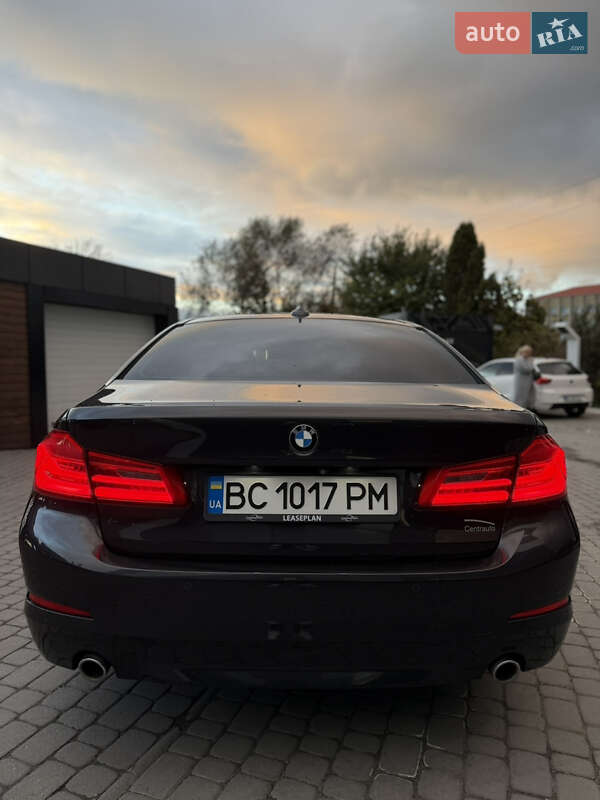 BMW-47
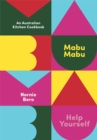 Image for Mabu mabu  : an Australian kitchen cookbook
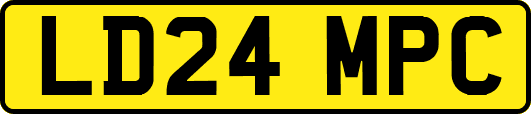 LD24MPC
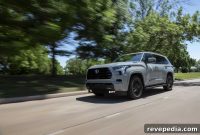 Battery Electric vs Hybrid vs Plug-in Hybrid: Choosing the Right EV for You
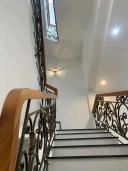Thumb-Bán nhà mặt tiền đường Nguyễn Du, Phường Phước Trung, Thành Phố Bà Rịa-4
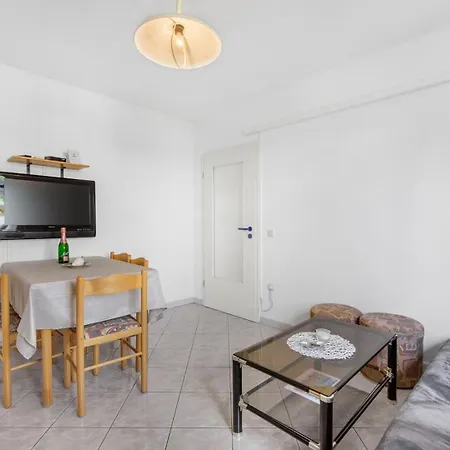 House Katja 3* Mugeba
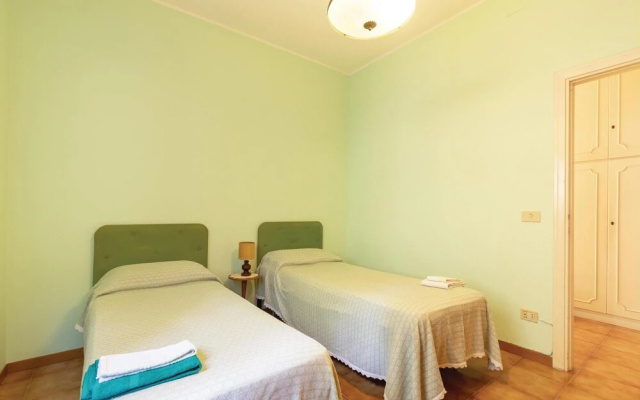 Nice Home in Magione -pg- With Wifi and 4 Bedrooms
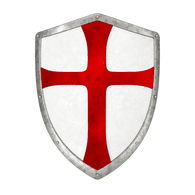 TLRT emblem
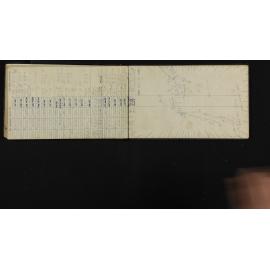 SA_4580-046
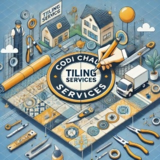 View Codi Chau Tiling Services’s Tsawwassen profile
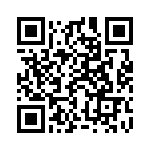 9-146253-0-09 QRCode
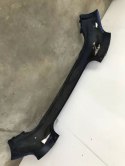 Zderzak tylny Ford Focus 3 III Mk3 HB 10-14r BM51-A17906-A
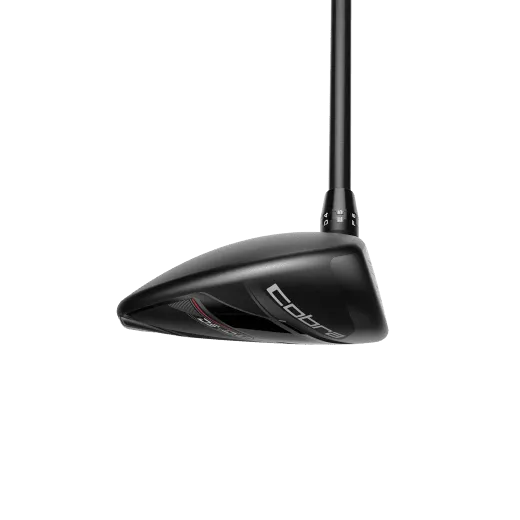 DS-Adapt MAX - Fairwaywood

————

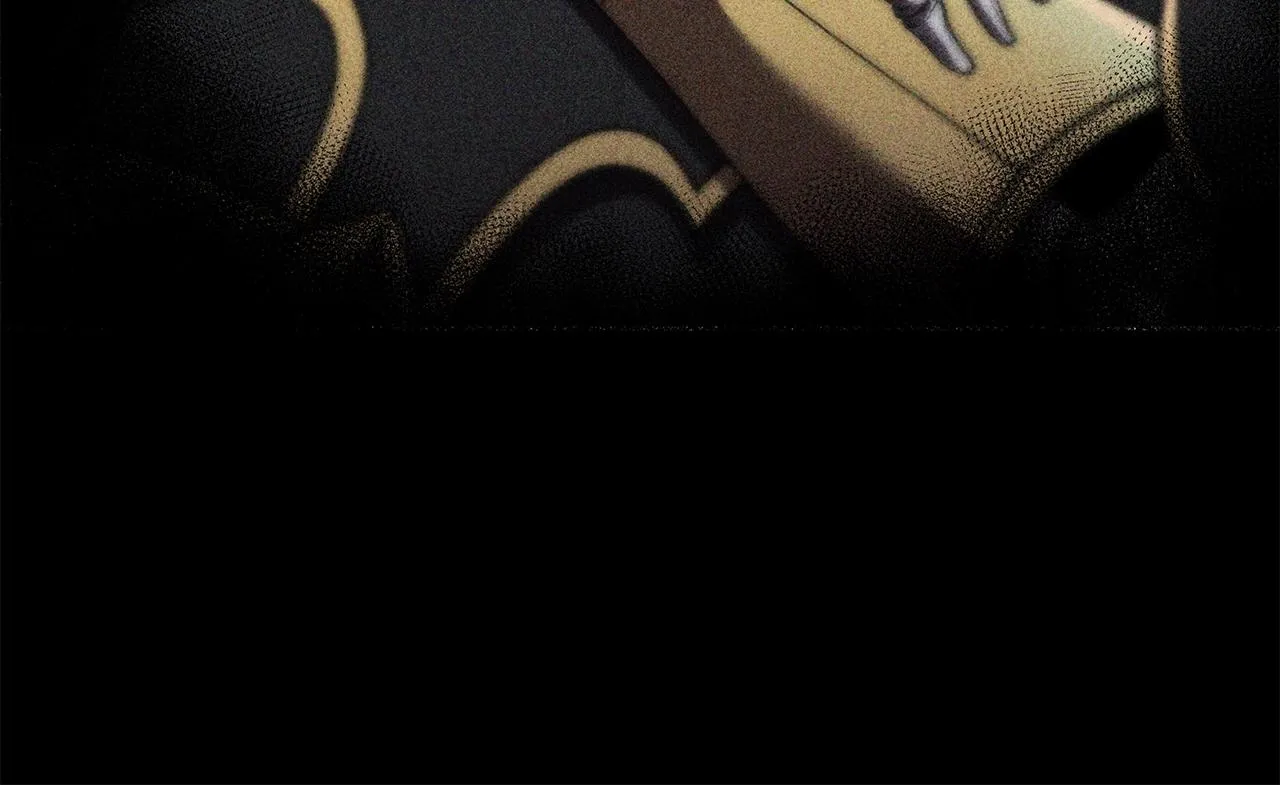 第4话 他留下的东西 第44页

————

■ **EXERCISE DESCRIPTION**
Print from the line containing "Zderzak tylny Ford" through the line containing "DS-Adapt MAX - Fairwaywood" in the data above, exactly as the lines stand, and omit every picture.

■ **SOLUTION BELOW**
 Zderzak tylny Ford Focus 3 III Mk3 HB 10-14r BM51-A17906-A
 DS-Adapt MAX - Fairwaywood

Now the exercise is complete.